Exercise description: The lines below, from the one containing "Portrait of an" through the one containing "Hair dryer, towels, soap, toilet paper", should be set down exactly, with no pictures and nothing else.

Raw data:
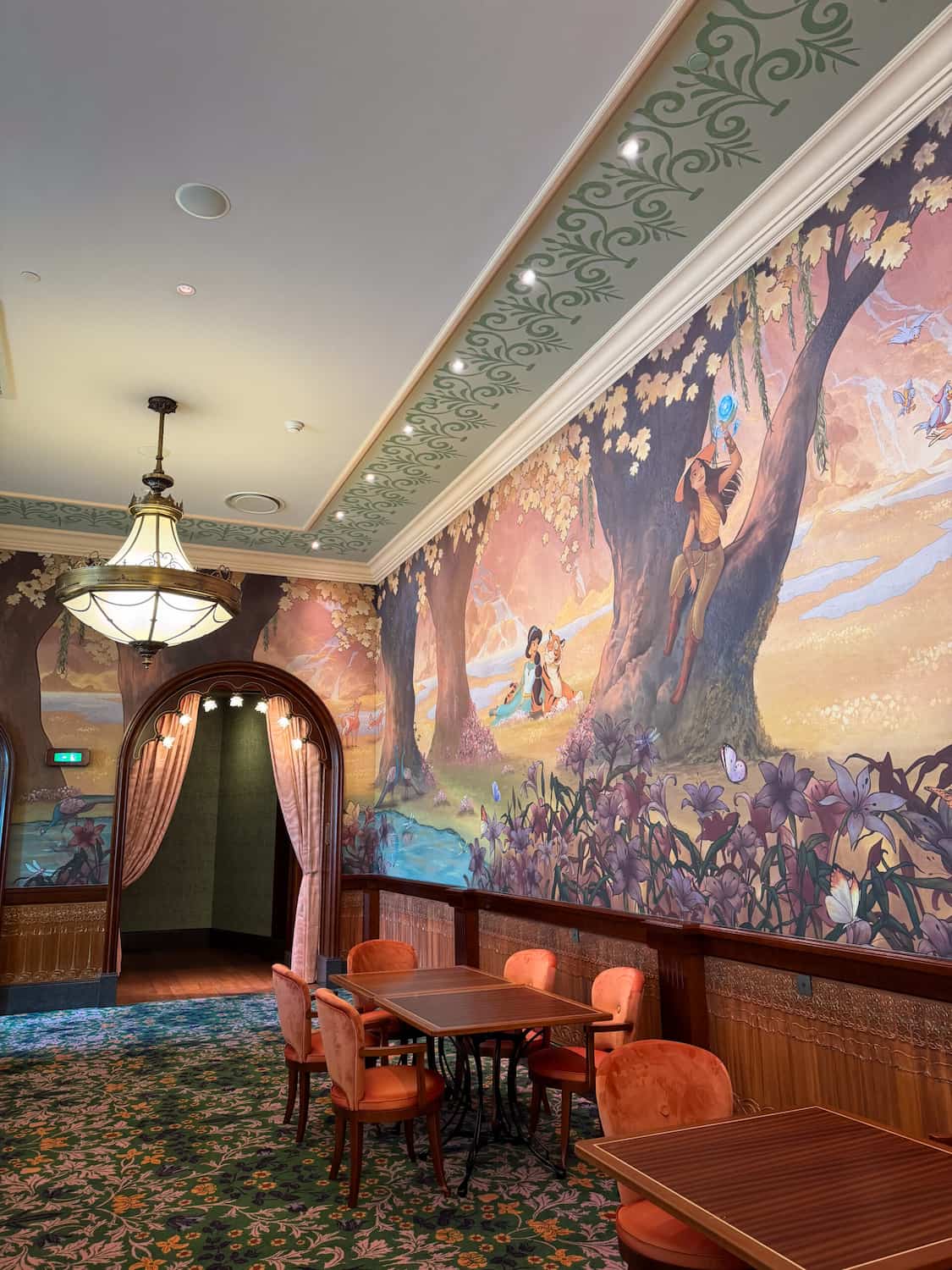 Large princess mural inside the Regal View restaurant at Disneyland Paris featuring Raya, Jasmine and Cinderella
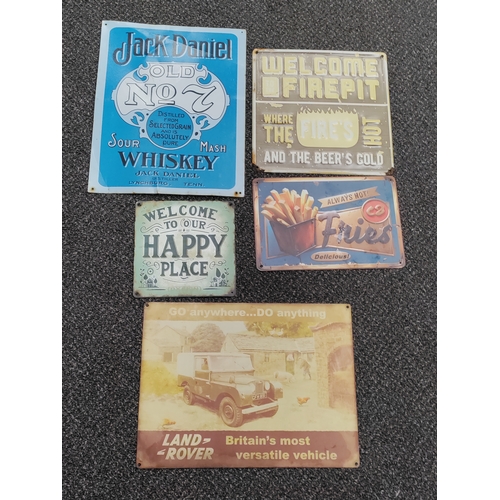 486 - A job lot of 5 tin signs. To include land rover, Jack Daniels and more.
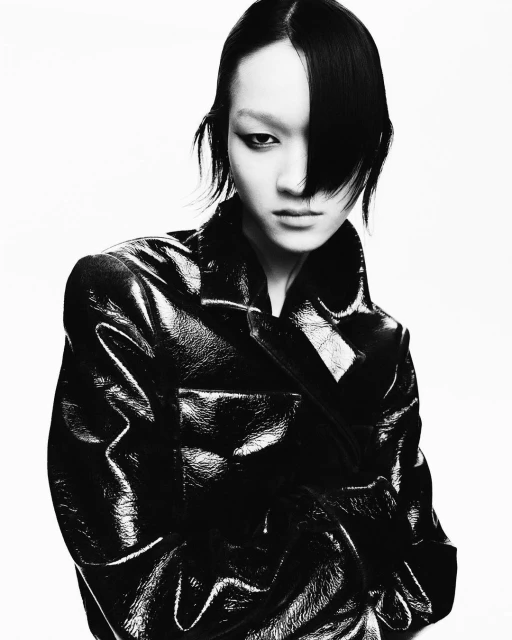 Portrait of an Asian woman with dark hair, wearing a shiny black trench coat against a white background in a studio fashion shot.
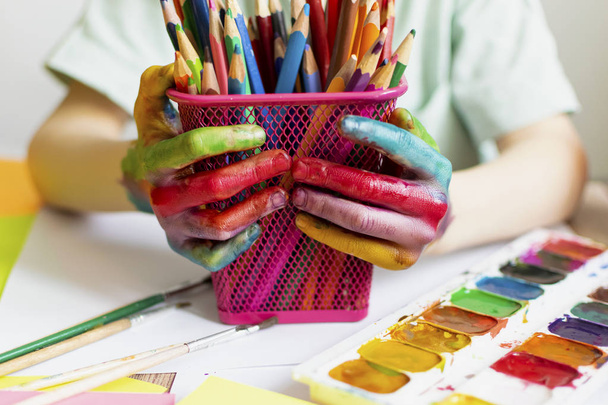 子供は絵を描く。多色の水彩画で子供の手のひらと手。水彩、ガッシュ、ペイントブラシ、色とワックスクレヨン、ステッカー。描画、創造性と趣味のためのセット - 写真・画像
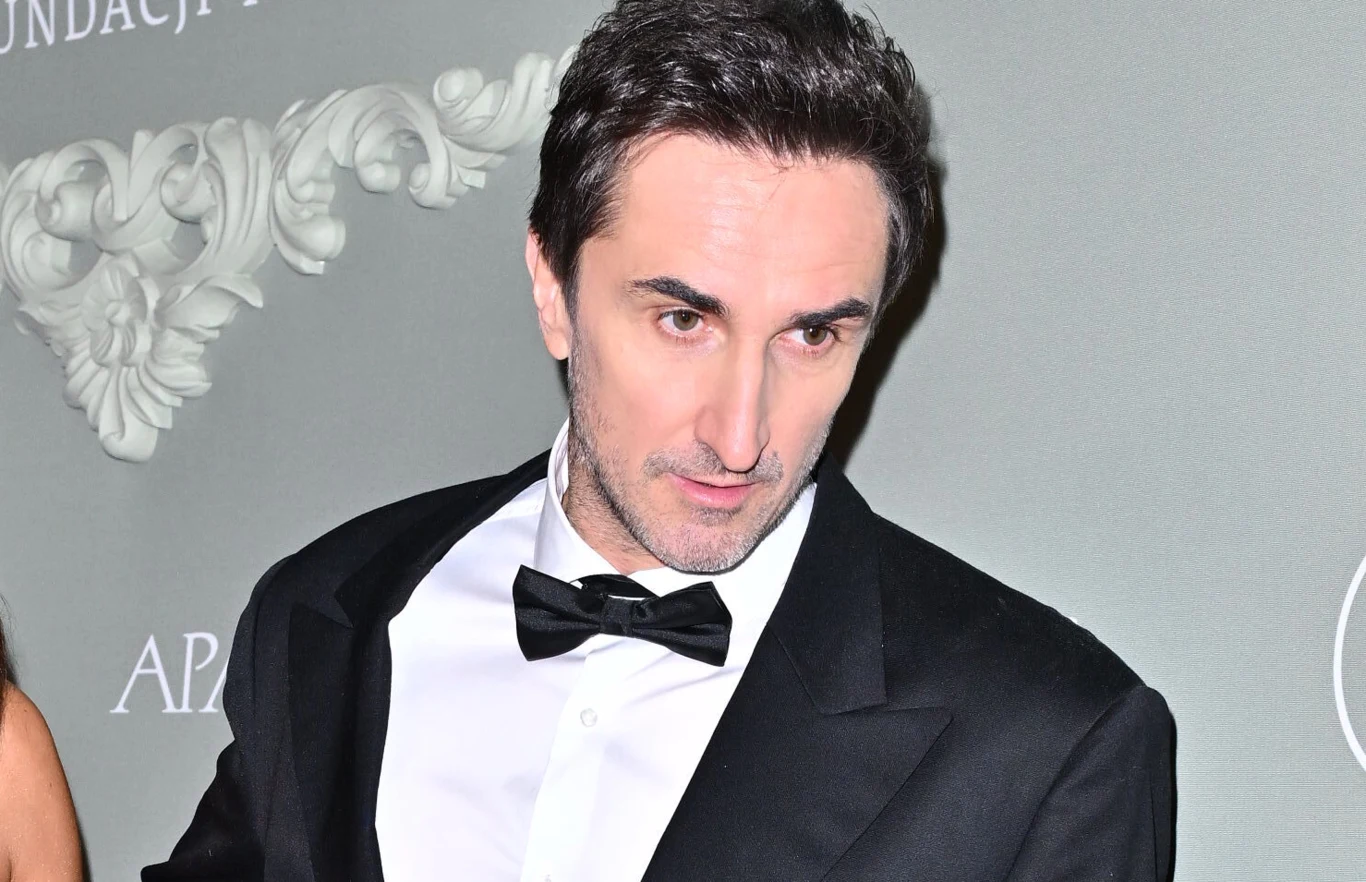 Sebastian Karpiel-Bułecka Mężczyzna ubrany w elegancki smoking i muchę, stojący na tle dekoracyjnej ściany z jasnymi ozdobnymi motywami.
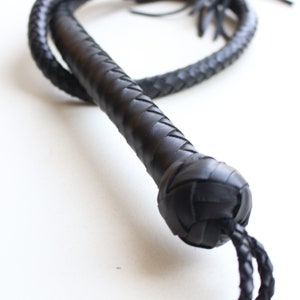 May include: A black leather bullwhip with a braided handle and a long, braided tail.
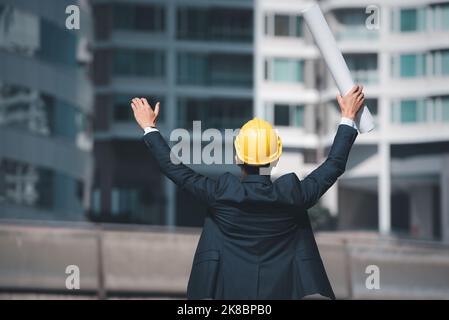 Der Architekturingenieur hob die Hände und hielt den Bauplan, um den Erfolg der Baustelle zu zeigen. Stockfoto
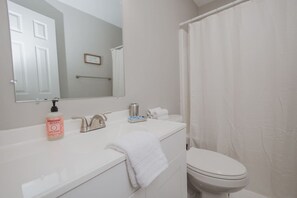 Hair dryer, towels, soap, toilet paper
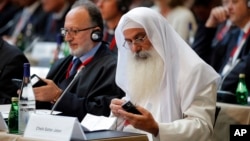 Participants plug in their translator devices during the opening of an international conference on religious and ethnic minorities being persecuted under the Islamic State group, in Paris, France, Sept. 8, 2015. 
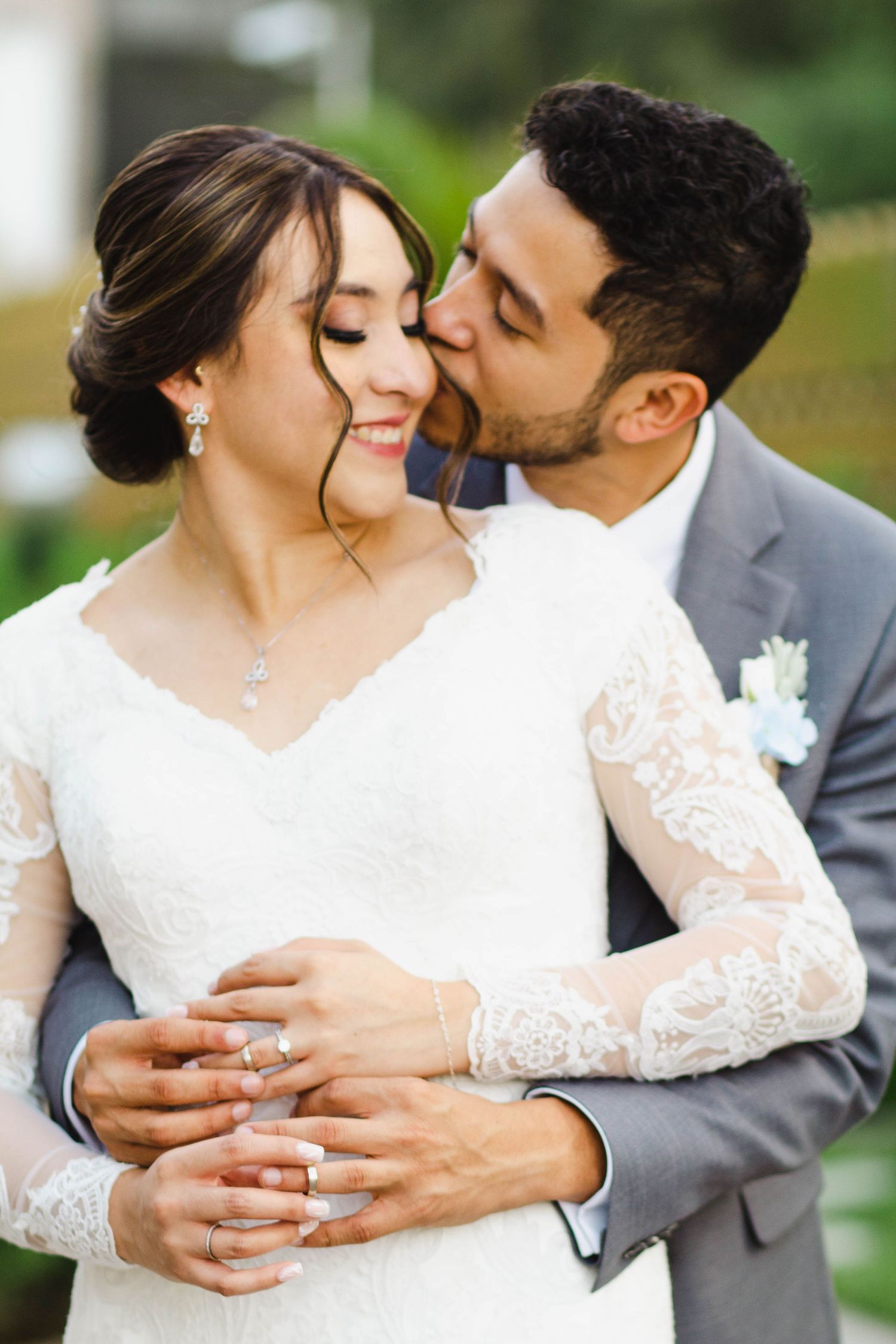 Intimate wedding portrait of couple embracing outdoors.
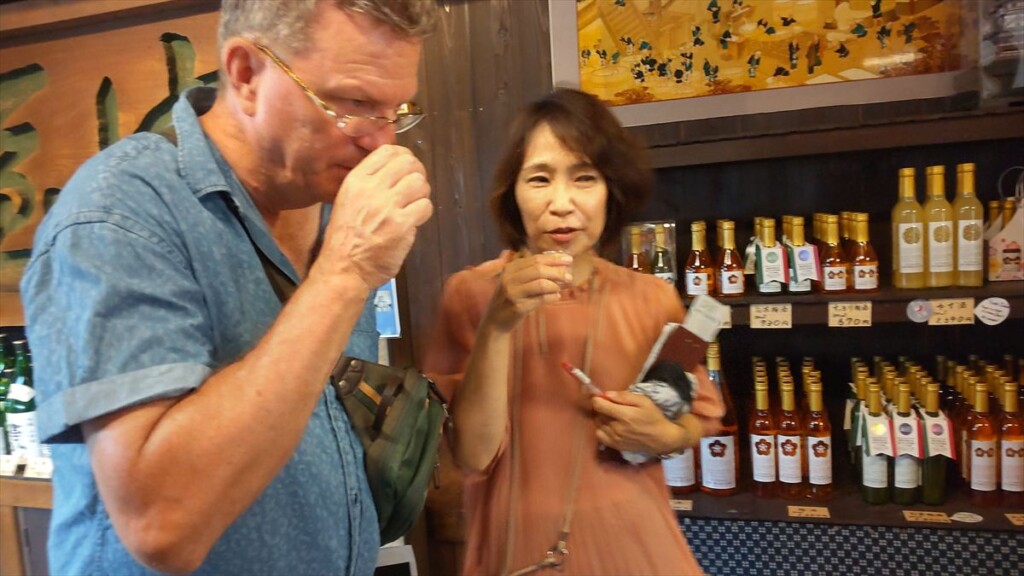 Guest sampling sake during a tasting session at Takasago Brewery.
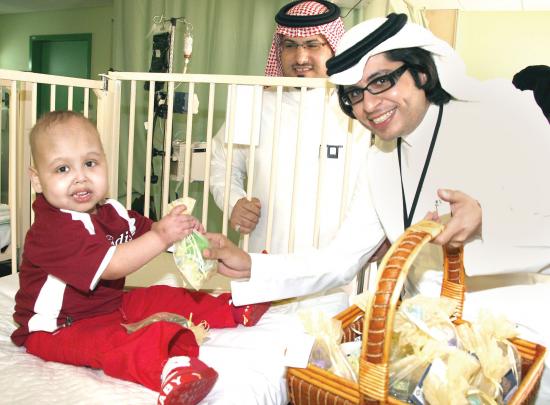 Nawaf Al-Egla DISTRIBUTING GIFTS FOR CHILDREN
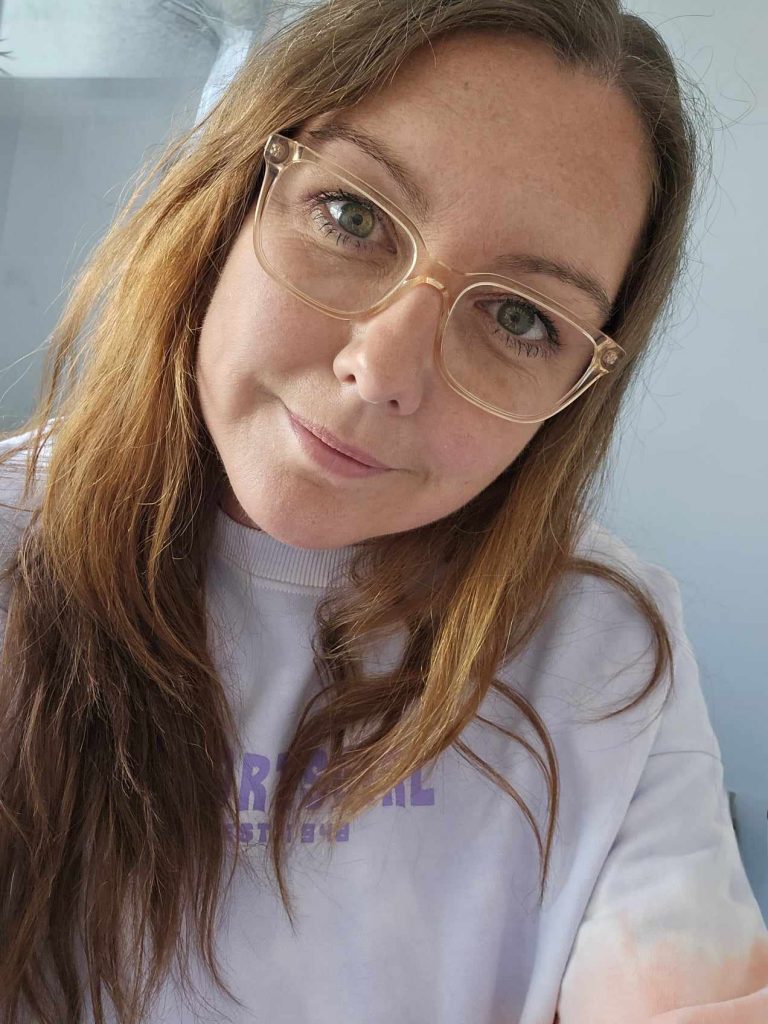 A photo of Bonnie Starick, an Aboriginal woman looking into the camera with clear spectacles and long honey blonde hair falling around her shoulders. She is wearing a white tshirt and is smiling.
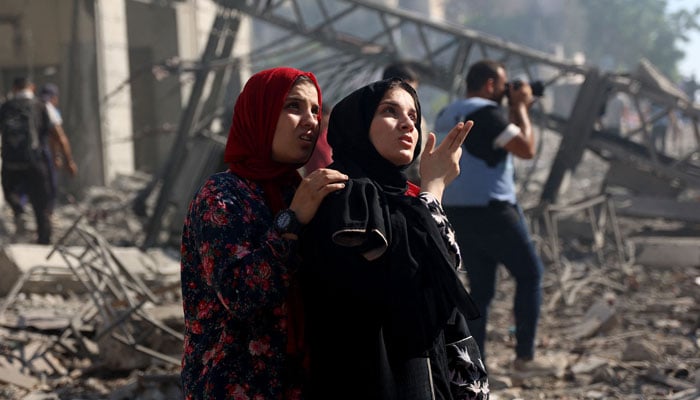 Palestinians women react as they look at the badly damaged Latin Patriarchate Holy Family School after it was hit during Israeli military bombardment, in Gaza City on July 7, 2024. — Reuters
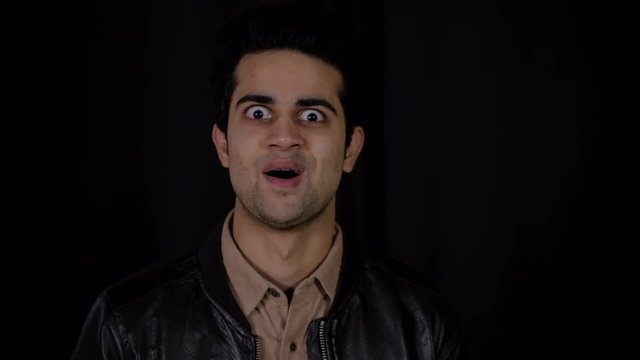 Young Indian man is completely shocked and surprised at some great news from off camera as his expression changes and smiles and eyes widen and he fists the air with both hands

Exercise output:
 Portrait of an Asian woman with dark hair, wearing a shiny black trench coat against a white background in a studio fashion shot.
 子供は絵を描く。多色の水彩画で子供の手のひらと手。水彩、ガッシュ、ペイントブラシ、色とワックスクレヨン、ステッカー。描画、創造性と趣味のためのセット - 写真・画像
 Sebastian Karpiel-Bułecka Mężczyzna ubrany w elegancki smoking i muchę, stojący na tle dekoracyjnej ściany z jasnymi ozdobnymi motywami.
 May include: A black leather bullwhip with a braided handle and a long, braided tail.
 Der Architekturingenieur hob die Hände und hielt den Bauplan, um den Erfolg der Baustelle zu zeigen. Stockfoto
 Hair dryer, towels, soap, toilet paper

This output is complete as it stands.